EXCERPTED RECORDS section start

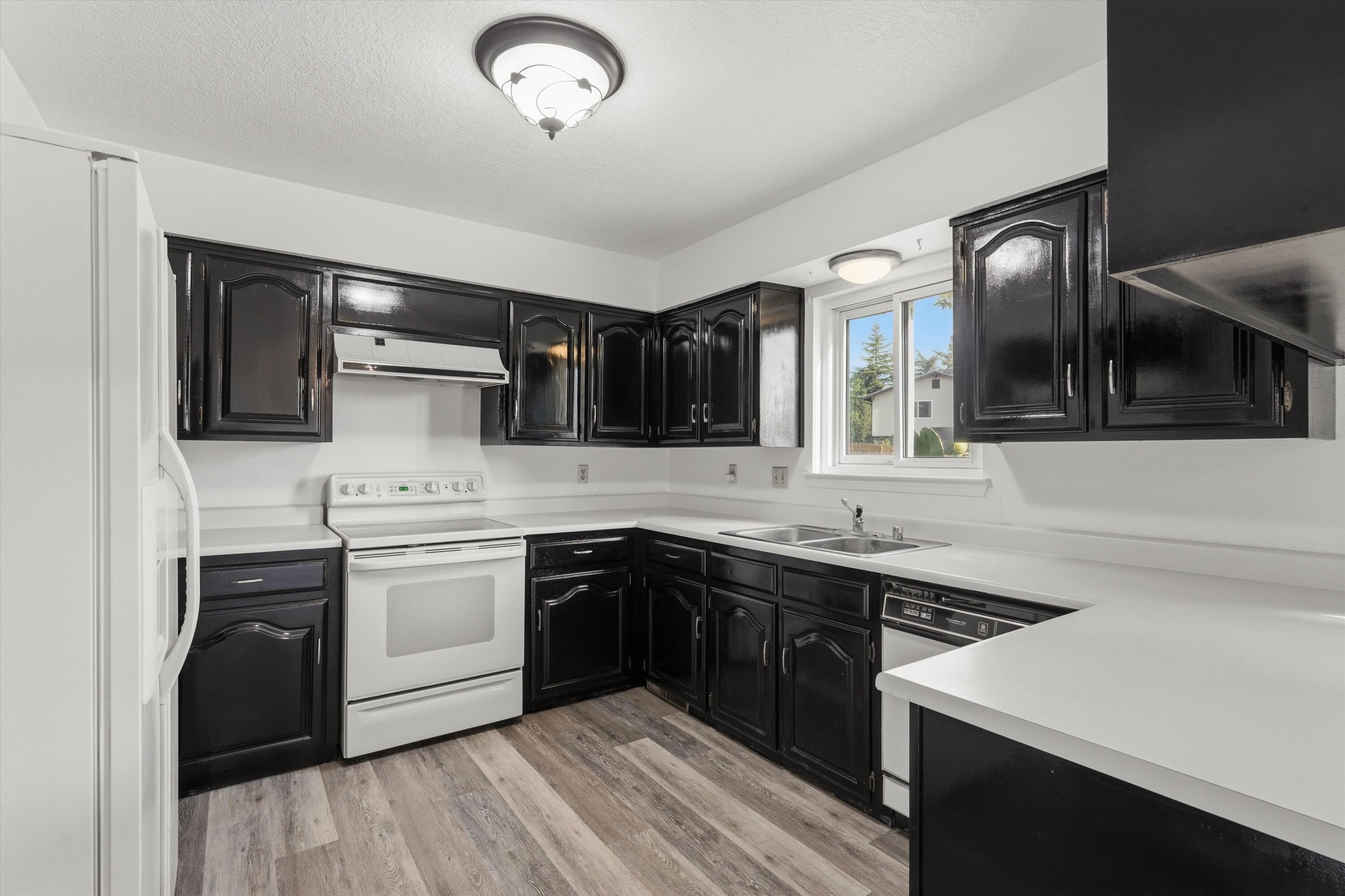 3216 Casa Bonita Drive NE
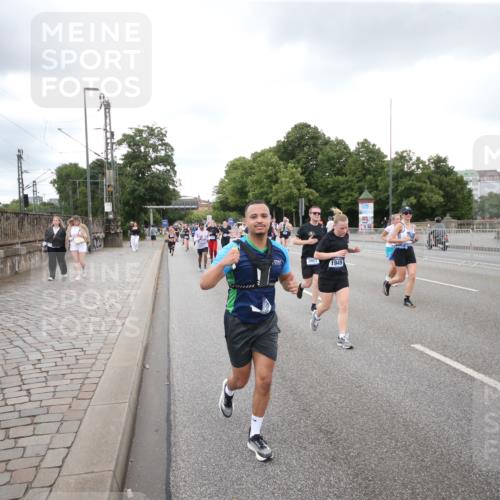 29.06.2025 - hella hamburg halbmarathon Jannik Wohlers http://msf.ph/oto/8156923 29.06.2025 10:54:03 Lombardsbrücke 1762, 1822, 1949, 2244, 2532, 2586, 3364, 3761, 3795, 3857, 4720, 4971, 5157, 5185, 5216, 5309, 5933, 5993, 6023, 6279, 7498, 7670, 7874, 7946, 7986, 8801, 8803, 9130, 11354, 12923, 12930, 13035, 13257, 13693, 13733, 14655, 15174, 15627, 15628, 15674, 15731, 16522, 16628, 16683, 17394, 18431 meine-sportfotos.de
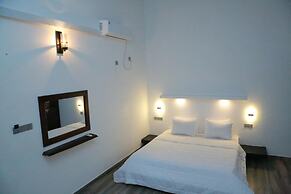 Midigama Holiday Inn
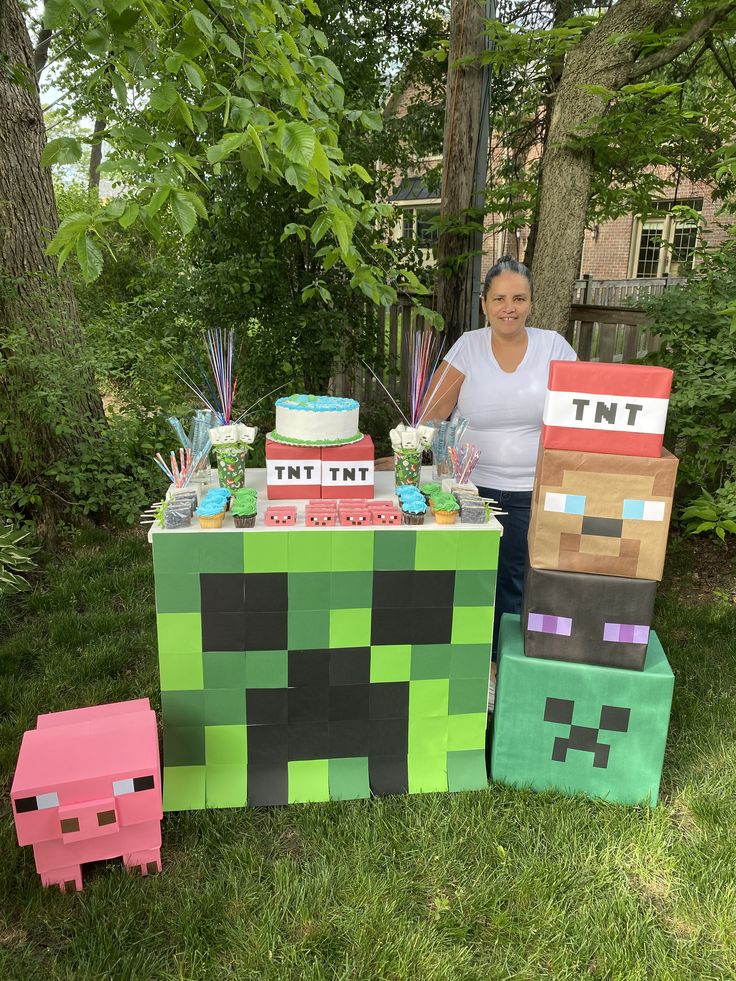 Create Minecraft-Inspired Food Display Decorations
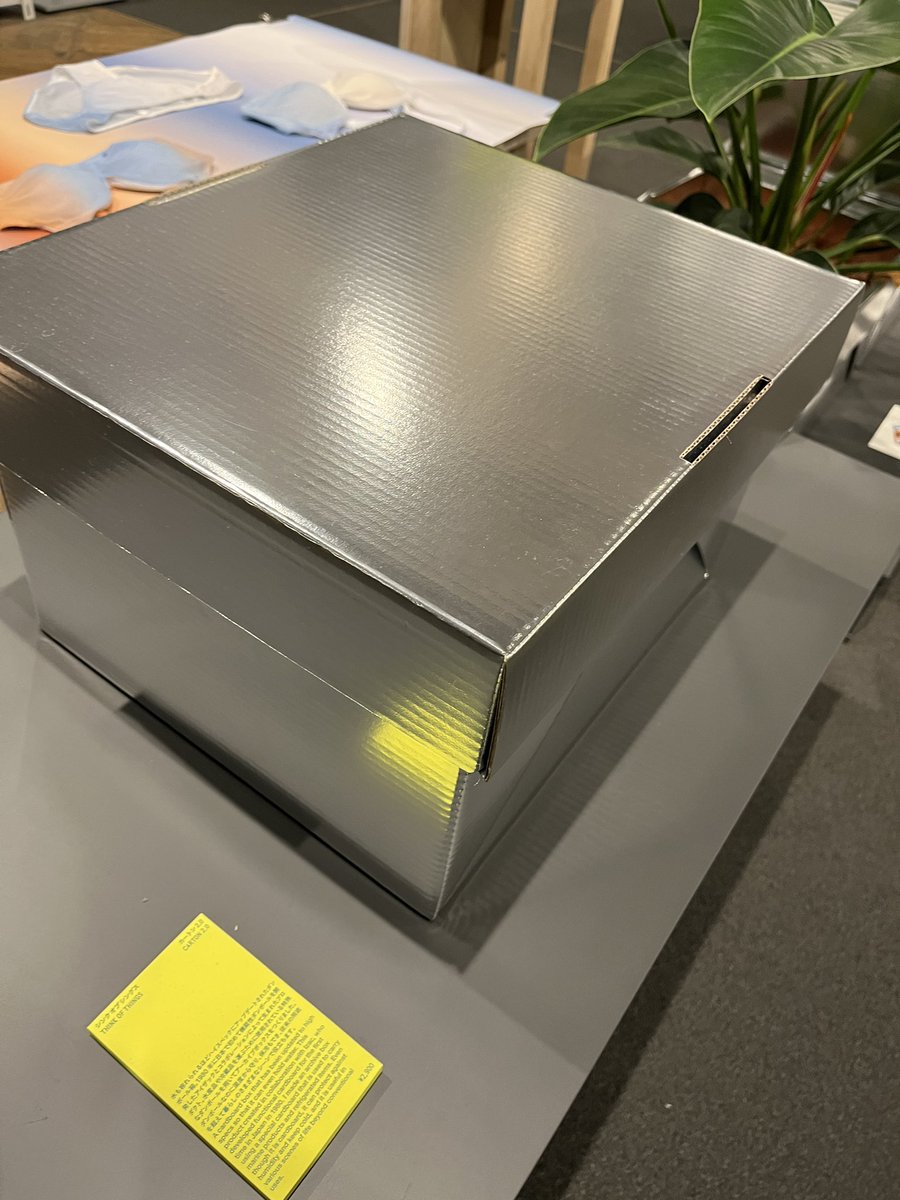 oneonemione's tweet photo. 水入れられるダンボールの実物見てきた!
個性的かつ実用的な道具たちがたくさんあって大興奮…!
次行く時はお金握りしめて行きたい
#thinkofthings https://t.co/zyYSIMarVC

EXCERPTED RECORDS section end
EXCERPTED RECORDS section start

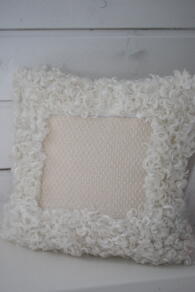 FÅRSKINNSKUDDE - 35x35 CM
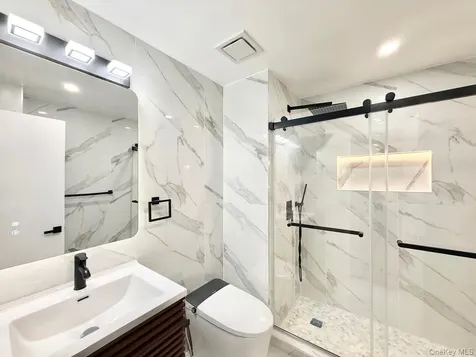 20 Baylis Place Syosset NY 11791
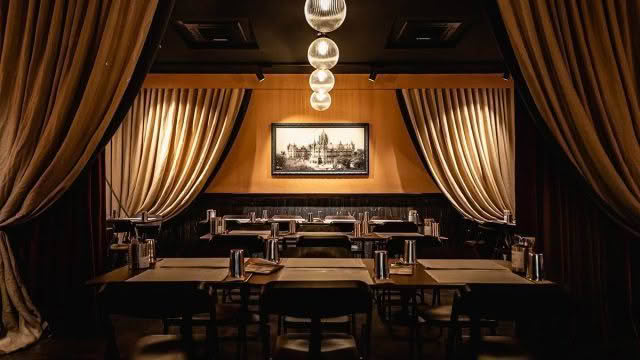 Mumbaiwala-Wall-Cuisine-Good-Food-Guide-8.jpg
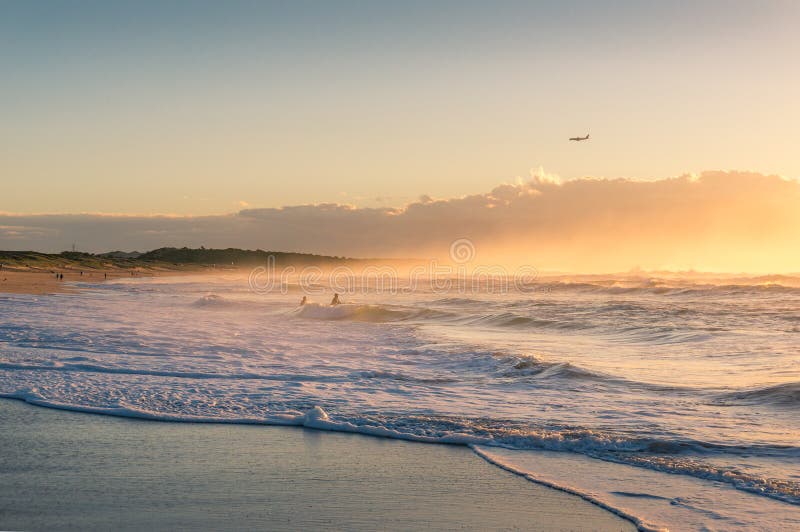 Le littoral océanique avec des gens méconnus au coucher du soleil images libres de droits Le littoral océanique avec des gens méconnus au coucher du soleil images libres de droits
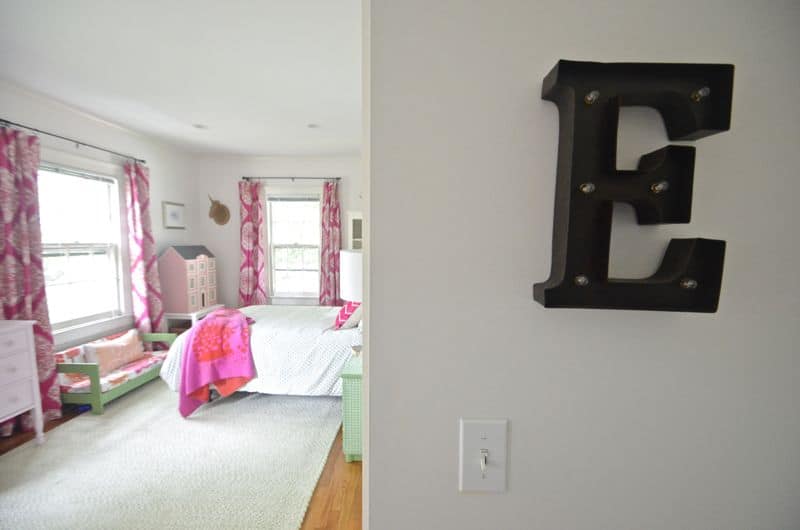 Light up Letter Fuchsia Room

EXCERPTED RECORDS section end

*WHAT THE TASK REQUIRES:*
With pictures excluded, reproduce exactly the lines above from the one containing "oneonemione's tweet photo." down to the one containing "#thinkofthings https://t.co/zyYSIMarVC", those two included.

*RESPONSE BELOW:*
 oneonemione's tweet photo. 水入れられるダンボールの実物見てきた!
個性的かつ実用的な道具たちがたくさんあって大興奮…!
次行く時はお金握りしめて行きたい
#thinkofthings https://t.co/zyYSIMarVC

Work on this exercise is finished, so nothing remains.